1- I’ve never self-produced an entire album. The closest I came was “The Desert Star EP” which made me feel the same way: insane. This is twice as many songs, and three times as many tracks.

2- There’s no producer or engineer to say, “Enough already; you got it!”. So I just keep trying for better and better takes.

3- I have virtually no musical or vocal training at all, so I just poke around my muscle memory and try and find some sort of sweet spot that I couldn’t identify if I tried, but always know if its off.

4- The arrangement and instrumentation behind this set of songs affords me very little place to hide. There’s virtually no electric guitars, and the drums are clean and neat (not huge and bombastic), so I hear every little sharp, flat, creak and groan.
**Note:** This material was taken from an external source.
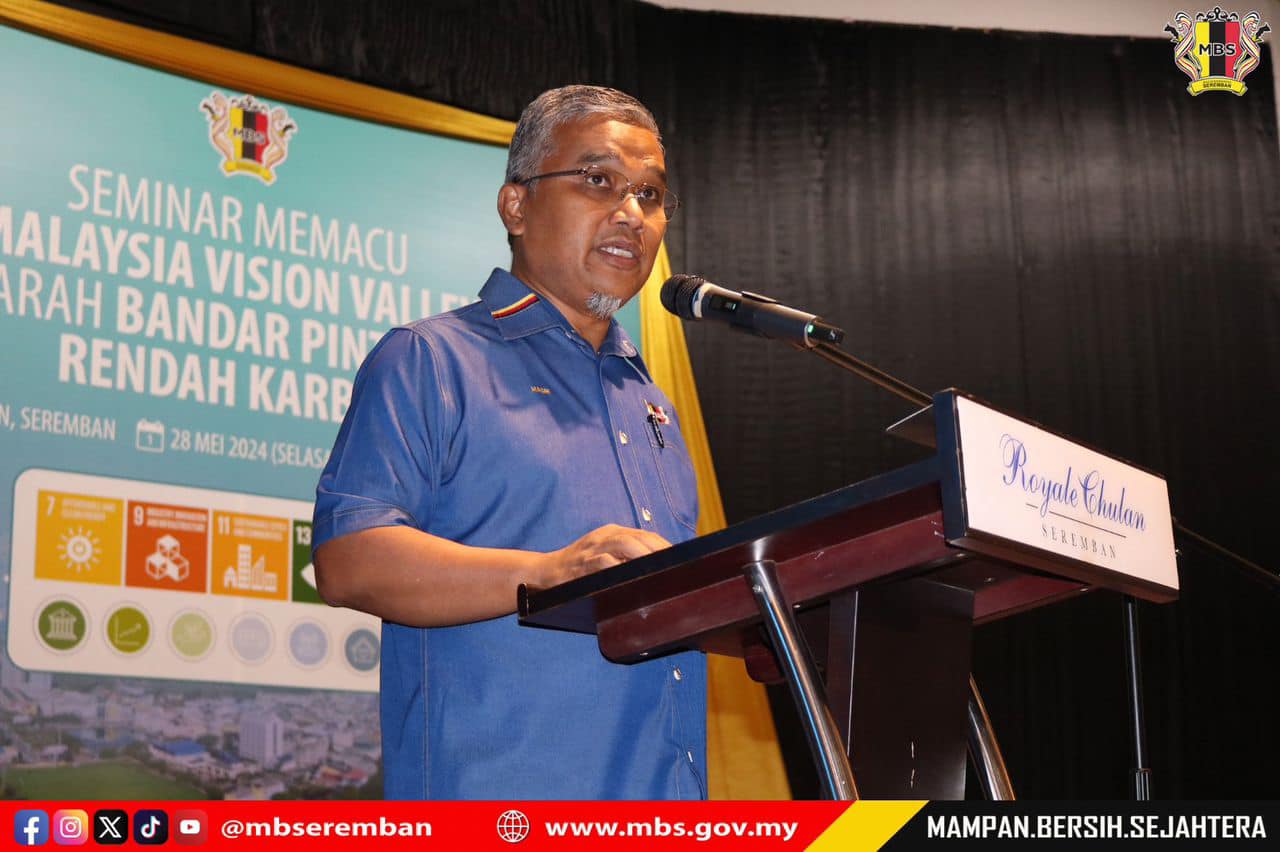 MAJLIS PERASMIAN SEMINAR MEMACU MALAYSIA VISION VALLEY KE ARAH BANDAR PINTAR DAN RENDAH KARBON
5- Moreover, for some reason, many of these songs have serious high notes, and some super-tiny little “American Idol” style vocal flourishes (let me hit “super-tiny little” again before we move on), the landing for which I don’t always stick.

6- I’ve spent at least twelve hours overdubbing in an 8×5 walk-in closet.
‘Nuff said.

7-I’ve released nearly twenty albums (may of which are long since out of print) since my high school band, Underground, dropped “Dark Globe” in 1989. And none of them have been perfect. There are moments when this one threatens it, but then I spot a beat out of place, or a noisy string, or a creaky chair, or a sqeaky vocal. So I keep fine-tuning and tweaking, trying to buff and polish everything up.

Worse, there’s the distinct sense that this is my last album. As such, I’d really like it to be great. Most great albums – “Pet Sounds,” “Dark Side of the Moon,” “Murmur,” “Exile on Main Street,” “Let It Bleed” – were made with massive budgets in massive studios where the sole objective of every day was make a great record. My record? Well, wedged in between everything else. But the pressure’s still there, and it makes me nuts.

8- Remember how U2 booked the PopMart tour before finishing “Pop,” then years later — after disappointing sales and reviews — admitted that the pressure affected their creative process? Well, I don’t have much of a tour planned, but the release date (June 18th) is in ink, and approaching quickly. I’m sure that sales and reviews will be positive (ha ha), but I’m definitely feeling it.

9- My recording environment is bone dry. That is, I’m not tracking to reverb as many studios do. There’s no forgiveness, no sympathetic waves in a bone-dry recording. Which is why Jon Locker will add reverb. For now, though, I hear everything.

10- I mentioned that I’m overdubbing in my walk-in closet, right?

Of course, the results will speak for themselves. And best as I can tell at this point, “The Invention Of Everything Else” is going to turn out just fine.

In fact, it sounds more like me — that is, how I imagine my music manifesting these days: acoustic, melodic, cathartic — than anything I’ve done.

Come to think of it, it’s like the Cosmopolitan or Glamour version of me; I’m the dude on the cover, sure, only the blemishes have been Photoshopped out.

Which, as a permanent document goes, is probably best.